# 1989 Trek 970



## Zian (Aug 1, 2019)

18" 1989 Trek 970. Mix of vintage, newer, and newish components.

Still dialing things in, but so far so fun.

Frameset, along with many of the parts were a gift from a friend. Thanks C!










Breaking it in on the Taconic Crest trail this weekend up here in the NE, and then off to Colorado next week to ride Kokopelli Trail!


----------



## colker1 (Jan 6, 2004)

Veery cool bike. See; it´s not the name on ten down tube or how much you spend on a bike. This guy gets it.


----------



## Squeeze (Apr 14, 2015)

Now _that_ is a mountain bike, complete with a big ol' triple chainring! :thumbsup:


----------



## Zian (Aug 1, 2019)

Very fun bikepacking this weekend


----------



## MattiThundrrr (Jul 6, 2019)

Zian said:


> View attachment 1284765
> 
> 
> Very fun bikepacking this weekend


Did you make the poor thing sleep in the SUBWAY?!!

Awesome stuff, good looking Trek.


----------



## Zian (Aug 1, 2019)




----------



## sgltrak (Feb 19, 2005)

Very nice! Great looking bike.

We experienced beautiful days and cold nights on the Kokopelli this past March and again on White Rim this past weekend, so prepare accordingly.


----------



## pulsepro (Sep 13, 2007)

Zian said:


> View attachment 1284765
> 
> 
> Very fun bikepacking this weekend


Great bike. I love retro MTB bike packing setups like yours.


----------



## al415 (Mar 17, 2007)

Nice. The following year (1990) I bought a 970 for my girlfriend at the time. Stuck ringle cages and a Fisher Fat Trax 2.2 up front too... She rode it once and hung it up in her dad's basement. Bumped into her a few years ago and she told me it's still there.


----------



## Ecurb_ATX840 (Feb 27, 2014)

looks awesome, love the fat looking tires.


----------



## Zian (Aug 1, 2019)

Kokopelli's Trail, Loma to Moab.
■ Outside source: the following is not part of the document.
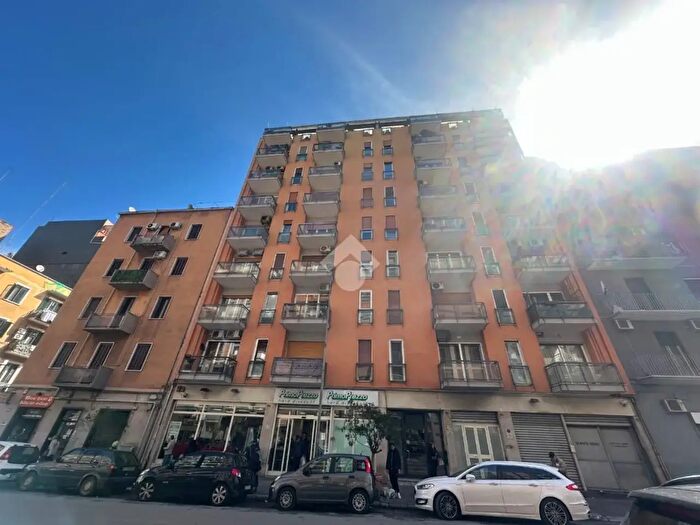 Appartamento trilocale in vendita in Via Brigata Bari, Bari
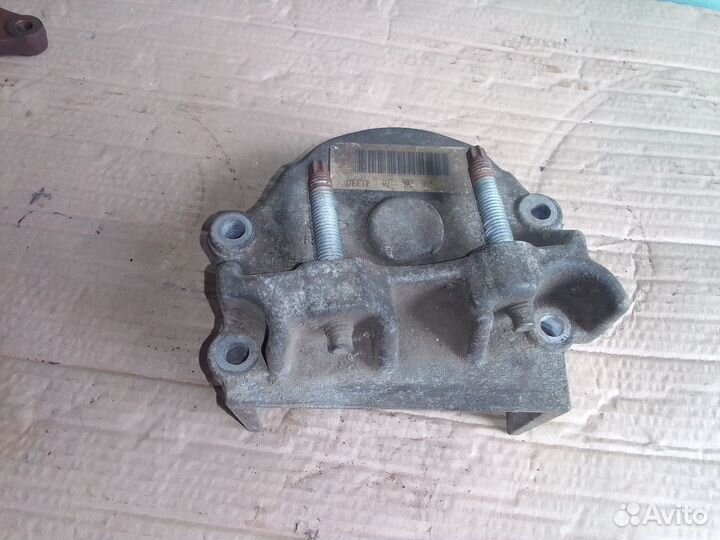 Крышка верхняя ремня Грм Ford Focus 1 2.0 Split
So, so sweet


----------



## sgltrak (Feb 19, 2005)

Zian said:


> View attachment 1286905
> 
> 
> Kokopelli's Trail, Loma to Moab. So, so sweet


Beautiful photo. Looks like you had good weather. Did the bike do well for you?


----------



## 127.0.0.1 (Nov 19, 2013)

old bikes make new tires look Yuugggee !!!!


----------



## MattiThundrrr (Jul 6, 2019)

It's downright inspirational! Can you share details of the build? I like the bars, are they a threadless bull-moose type thing? And can I assume those wheels are 26? My retro ride needs a new lease on life, and I'm leaning in this direction.


----------



## DanoPGH (Aug 2, 2019)

I have a 94 or 95 Rockhopper it was my first real mt. bike I bought it new for like $400-$500 its Rigid and is still going strong I am tearing it down this winter for maintenance and putting alot of the parts I am upgrading on my 1999 GT XCR400 FS bike. that one i am modernizing with a 1x drivetrain thinking of putting that new Box prime 9 rear derailler on it. the XT and LX that was on it are going on the Rockhopper.


----------



## Zian (Aug 1, 2019)

MattiThundrrr said:


> It's downright inspirational! Can you share details of the build? I like the bars, are they a threadless bull-moose type thing? And can I assume those wheels are 26? My retro ride needs a new lease on life, and I'm leaning in this direction.


Full build specs are here: https://www.pedalroom.com/bike/trek-970-1989-41393
Good brakes and modern rubber help breathe a lot of life into these old, rigid 26ers.


----------